December 2, 1923 - September 16, 1977: Age 53
One of the greatest opera singers of the 20th century, Maria Callas grew up in America but spent her youth in Greece. She had an unusual voice and a very strong personality, and experienced great success during the 50s and early 60s. Naturally a heavy woman, Callas undertook to lose 80 pounds in 1953-54, and her resulting slim, graceful figure ensured her status as a superstar outside of the opera world as well as within it. It was rumoured that she had lost the weight by use of a tapeworm, but there’s no evidence to support that, and she herself said she lost it through a judicious diet of chicken and salad greens.
It is possible the the large loss of weight led to vocal problems. When the body changes radically, the singer must compensate; because of Callas’ high profile, any difficulties, real or imagined, were made much of in the press. That, combined with personality clashes and accusations (not always justified) of difficult behaviour, led to the decline of her singing career. She lost confidence, and her vocal problems increased. Her last public performance was in 1974 and was described as “an artistic failure”.

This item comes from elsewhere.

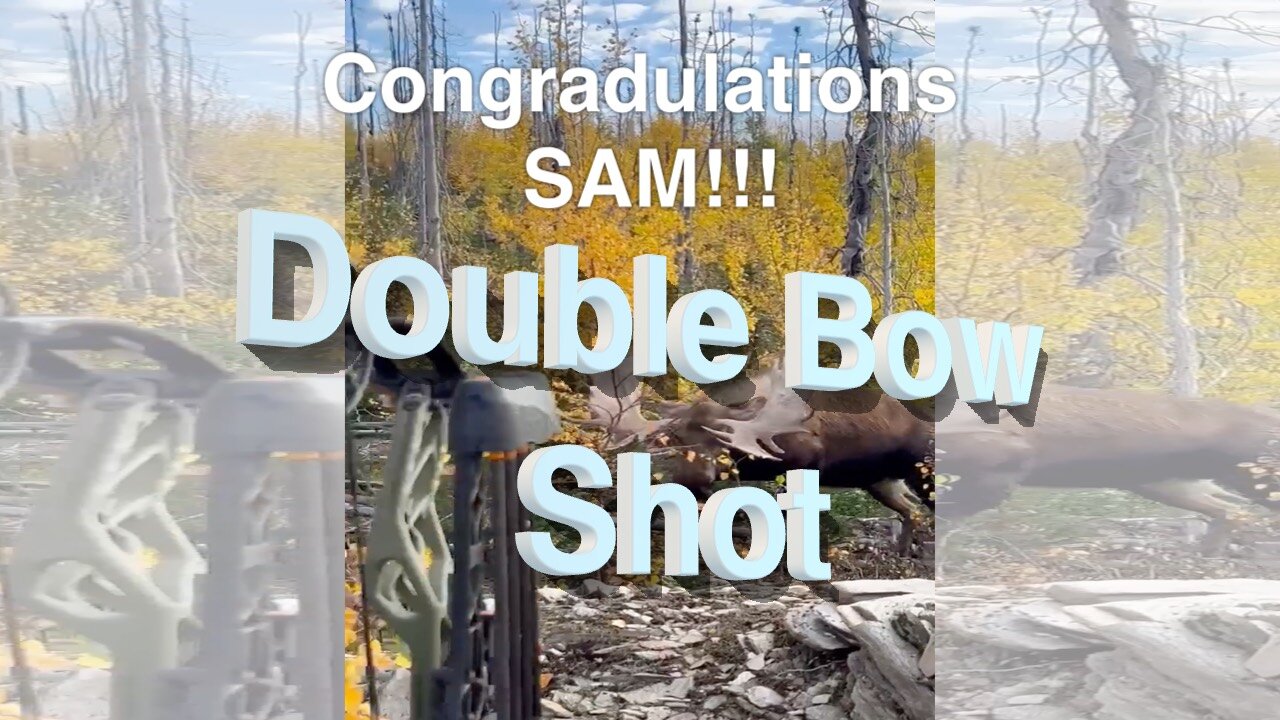 Double Bow Shot on Giant Moose at 10 Feet – Heart-Pounding Close Encounter!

She spent her final years a virtual recluse in Paris. On September 16, 1977 she doed, ostensible of heart failure, but there were rumours that her assistant murdered her in order to gain control of her considerable estate (she had no children). Nothing was ever proven, and the assistant did benefit greatly from her death (he was in her will and already had control of her estate before she died). However the accusation of murder was never taken seriously. It is likely that her heart failure was precipitated by overuse of sleeping aids.